[Assignment]
Copy out the listing that follows, exact in every word, and skip the images.

[Dataset content]
+++++

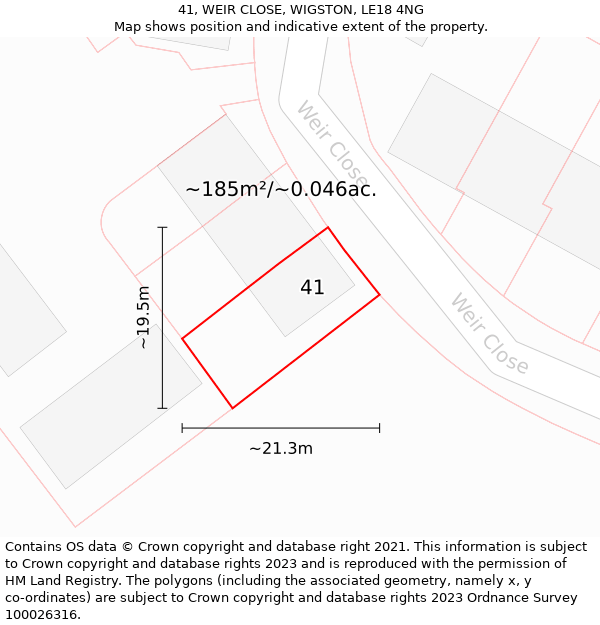 41, WEIR CLOSE, WIGSTON, LE18 4NG: Plot and title map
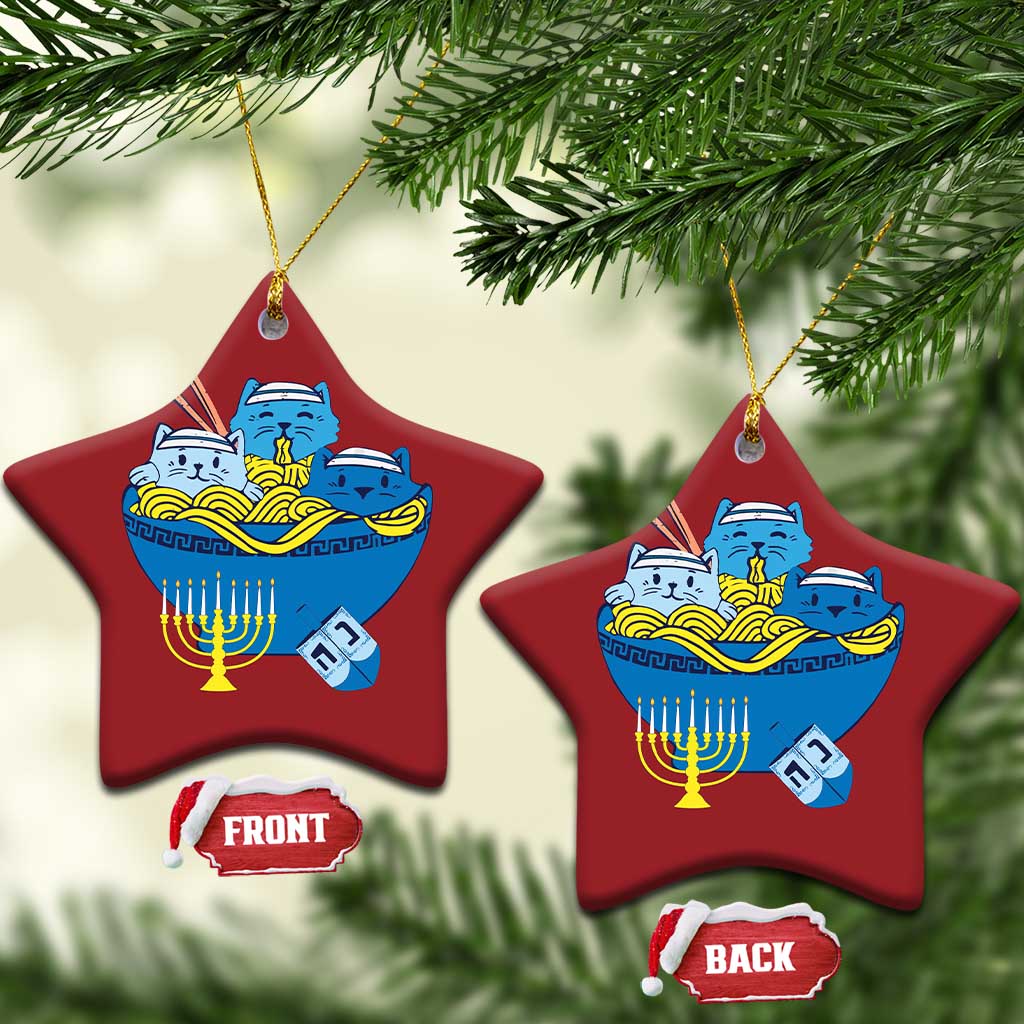 Funny Hanukkah Cat Christmas Ornament Kawaii Cat Eating Ramen Anime Jewish Kitten TS09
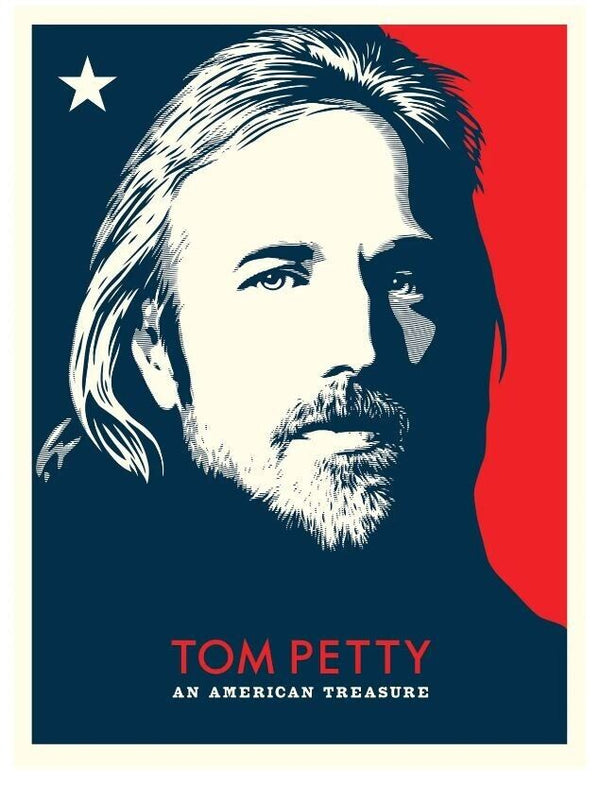Tom Petty American Treasure by Shepard Fairey, 18" x 24" Screen Print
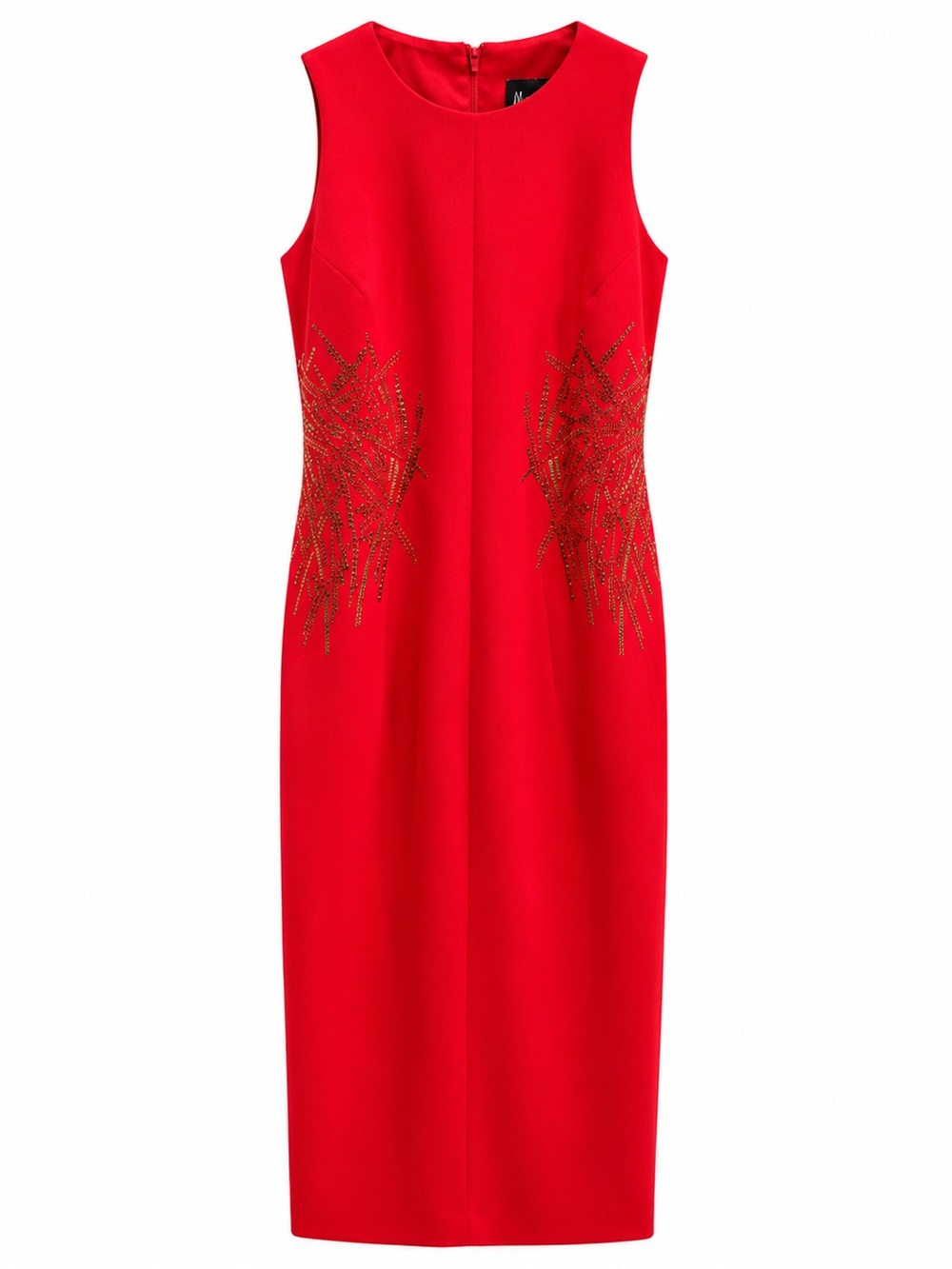 Andrew Marc Red Sleeveless Beaded Sheath Dress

+++++

[Completed task]
 41, WEIR CLOSE, WIGSTON, LE18 4NG: Plot and title map
 Funny Hanukkah Cat Christmas Ornament Kawaii Cat Eating Ramen Anime Jewish Kitten TS09
Tom Petty American Treasure by Shepard Fairey, 18" x 24" Screen Print
 Andrew Marc Red Sleeveless Beaded Sheath Dress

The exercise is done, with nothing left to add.